This clip taught me the business lesson no MBA will. The crumbs from big contracts are where real companies are born — if you’re humble enough to eat them.
Have you seen this movie? Guess…

If you haven’t — stop reading. Go watch it. Come back.

For those who have: you remember the scene. Two guys in their twenties. No connections, no reputation, no shot at the big Pentagon contracts. So they go on a government bidding website and look for the contracts nobody else wanted. The scraps. The overlooked line items that the big defence companies didn’t bother submitting for.

They won a $300,000 contract to deliver ammunition to a US military base in Afghanistan. From a small apartment in Miami.

That scene changed how I think about business. Because I had already made every mistake it exposes — twice. Once in hospitality. Once in tech.


The Mistake I Made (That Movie Made Famous)

Here’s the pattern I kept falling into:

I’d identify a big client — a large hotel group, a government agency, a corporate tech buyer — and I’d go straight for the main contract. The flagship project. The big number.

I’d pitch hard. Build decks. Follow up.

And I’d lose. Or worse — I’d get ghosted.

What I didn’t understand then, and War Dogs explained better than any mentor did: the big players aren’t looking for new vendors at the top. They’re locked in. The entry point is always at the bottom — in the parts of the contract that everyone else considers beneath them.

The crumbs.


What the Remora Actually Does

There’s a fish called the remora. It doesn’t hunt. It doesn’t compete. It attaches itself to a shark — cleans the parasites, eats the leftover scraps from the shark’s meal — and in return, goes wherever the shark goes.

The shark doesn’t mind. The remora is useful. Low friction. Zero threat.

That’s the startup strategy nobody teaches in business school.

Don’t try to be the shark. Be the remora — until you understand the ocean well enough to swim on your own.

In hospitality, I spent years chasing the headline partnerships. Big event tie-ups. Flagship collaborations. I wanted Musee Art Cafe to be taken seriously as a destination, so I aimed at the big names first.

What actually worked? Solving the small, ignored problem for a mid-size client. Handling the piece of their event that their main vendor didn’t want to manage. Being present, reliable, and excellent at the unglamorous part.

That got us in the room. Once you’re in the room — you prove, then you expand.

In tech — building AI video intelligence solutions — the same pattern repeated. The large enterprise clients weren’t going to hand a new vendor a six-figure integration contract. But they had messy, unsolved sub-problems inside existing projects. Pieces that fell through the gaps between their big vendors.

That’s where we entered. Small scope. Fast delivery. Visible results.

And then we asked for more.


The Mistake I Kept Making

Here’s where I got it wrong — repeatedly:

I proved value and then waited to be noticed.

I thought doing good work was enough. That the client would naturally expand the engagement. That being excellent at the crumb would automatically lead to a seat at the main table.

It doesn’t work that way.

The remora doesn’t wait for the shark to invite it to dinner. It positions itself. Deliberately. Consistently. Every single time.

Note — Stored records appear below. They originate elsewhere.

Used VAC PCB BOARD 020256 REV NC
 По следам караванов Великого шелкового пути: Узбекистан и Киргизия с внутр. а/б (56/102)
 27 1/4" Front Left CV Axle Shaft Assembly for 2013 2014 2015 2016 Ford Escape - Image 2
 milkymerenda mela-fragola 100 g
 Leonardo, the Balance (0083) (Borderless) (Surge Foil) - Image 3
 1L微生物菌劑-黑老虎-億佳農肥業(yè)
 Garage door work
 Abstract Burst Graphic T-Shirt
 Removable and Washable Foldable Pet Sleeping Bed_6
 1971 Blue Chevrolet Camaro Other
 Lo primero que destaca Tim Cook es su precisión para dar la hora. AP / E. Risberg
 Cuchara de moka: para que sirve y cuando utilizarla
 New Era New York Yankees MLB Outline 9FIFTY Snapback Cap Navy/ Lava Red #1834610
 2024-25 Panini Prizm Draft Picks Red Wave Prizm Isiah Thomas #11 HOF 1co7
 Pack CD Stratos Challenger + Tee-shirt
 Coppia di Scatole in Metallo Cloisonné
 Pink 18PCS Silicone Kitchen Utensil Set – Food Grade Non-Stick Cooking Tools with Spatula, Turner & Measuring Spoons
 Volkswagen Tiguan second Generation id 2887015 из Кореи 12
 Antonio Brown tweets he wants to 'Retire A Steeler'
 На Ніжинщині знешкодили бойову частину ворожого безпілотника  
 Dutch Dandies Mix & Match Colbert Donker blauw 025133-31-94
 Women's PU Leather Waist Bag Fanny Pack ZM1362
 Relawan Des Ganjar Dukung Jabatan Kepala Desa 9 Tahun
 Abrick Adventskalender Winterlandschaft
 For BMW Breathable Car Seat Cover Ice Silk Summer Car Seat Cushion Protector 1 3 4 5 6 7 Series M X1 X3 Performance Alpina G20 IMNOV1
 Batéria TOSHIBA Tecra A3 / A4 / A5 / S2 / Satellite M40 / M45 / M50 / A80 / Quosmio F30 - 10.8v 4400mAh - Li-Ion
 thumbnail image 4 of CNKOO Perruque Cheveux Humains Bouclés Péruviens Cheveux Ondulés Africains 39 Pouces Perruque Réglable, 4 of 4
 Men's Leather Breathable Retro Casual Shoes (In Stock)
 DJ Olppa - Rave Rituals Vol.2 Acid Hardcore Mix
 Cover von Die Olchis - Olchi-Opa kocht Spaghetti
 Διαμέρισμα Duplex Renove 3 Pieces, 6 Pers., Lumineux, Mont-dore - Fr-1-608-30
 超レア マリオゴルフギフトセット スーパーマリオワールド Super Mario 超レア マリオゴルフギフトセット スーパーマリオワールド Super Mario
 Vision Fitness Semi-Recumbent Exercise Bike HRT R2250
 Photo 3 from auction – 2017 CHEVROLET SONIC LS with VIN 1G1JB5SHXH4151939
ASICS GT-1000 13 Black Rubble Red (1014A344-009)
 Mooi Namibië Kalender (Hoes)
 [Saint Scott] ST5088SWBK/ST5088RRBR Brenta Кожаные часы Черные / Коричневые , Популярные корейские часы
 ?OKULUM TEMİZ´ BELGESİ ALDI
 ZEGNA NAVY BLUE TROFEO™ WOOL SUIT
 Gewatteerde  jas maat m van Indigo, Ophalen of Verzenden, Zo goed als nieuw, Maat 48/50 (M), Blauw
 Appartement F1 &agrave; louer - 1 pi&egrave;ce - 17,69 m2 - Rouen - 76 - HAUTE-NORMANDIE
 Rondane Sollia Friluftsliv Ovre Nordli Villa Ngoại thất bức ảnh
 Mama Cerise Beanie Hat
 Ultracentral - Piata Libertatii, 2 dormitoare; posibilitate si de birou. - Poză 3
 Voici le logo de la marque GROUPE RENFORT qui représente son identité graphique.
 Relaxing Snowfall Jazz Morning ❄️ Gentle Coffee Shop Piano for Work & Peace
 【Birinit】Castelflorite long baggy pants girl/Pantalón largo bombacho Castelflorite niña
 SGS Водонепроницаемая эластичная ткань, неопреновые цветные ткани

The lesson I had to learn the hard way, across both industries:

  • Get in through the crumb — the sub-contract, the ignored scope item, the small pilot
  • Deliver so well that cutting you out would create a visible gap
  • Then ask. Clearly. Specifically. Early.

Don’t hint. Don’t hope. Don’t wait for the annual review.

Say: “We’ve delivered X. Here’s what we can do next. Here’s what it’s worth to you.”

The upsell doesn’t happen because you deserve it. It happens because you ask for it at the exact moment your value is undeniable.


The War Dogs Principle, Applied

Those two guys from Miami didn’t win the Pentagon contract by being the most qualified.

They won by:

  1. Going where no one else was looking
  2. Doing the work everyone else thought was too small
  3. Building a track record that opened the next door
  4. Scaling up from there — contract by contract

That’s not a movie plot. That’s a business model.

The Afghan ammunition contract led to bigger contracts. Which led to a $300 million deal with the US government.

From scraps. From the parts nobody wanted.


What I’d Tell Every Early-Stage Founder

Stop pitching the main contract to clients who don’t know you yet.

Find the crumb — the small, unglamorous, overlooked piece of work that exists inside every large client relationship. The thing their primary vendor doesn’t prioritize. The gap between two departments that nobody owns.

Own that gap. Completely. Quietly. Excellently.

Then expand.

The biggest mistake isn’t starting small. The biggest mistake is starting small and staying small because you were too polite — or too passive — to ask for what comes next.

The remora doesn’t stay a remora forever.

It learns the ocean.


The Real Question

Are you chasing contracts you haven’t earned the right to win yet?

Or are you finding the crumbs — the small, real, solvable problems — that get you inside the room where the real decisions are made?

The ocean is full of sharks. Most new ventures try to fight them.

The smart ones attach — prove themselves useful — and grow from there.

Nobody invites the remora.

It shows up useful. That’s the whole strategy.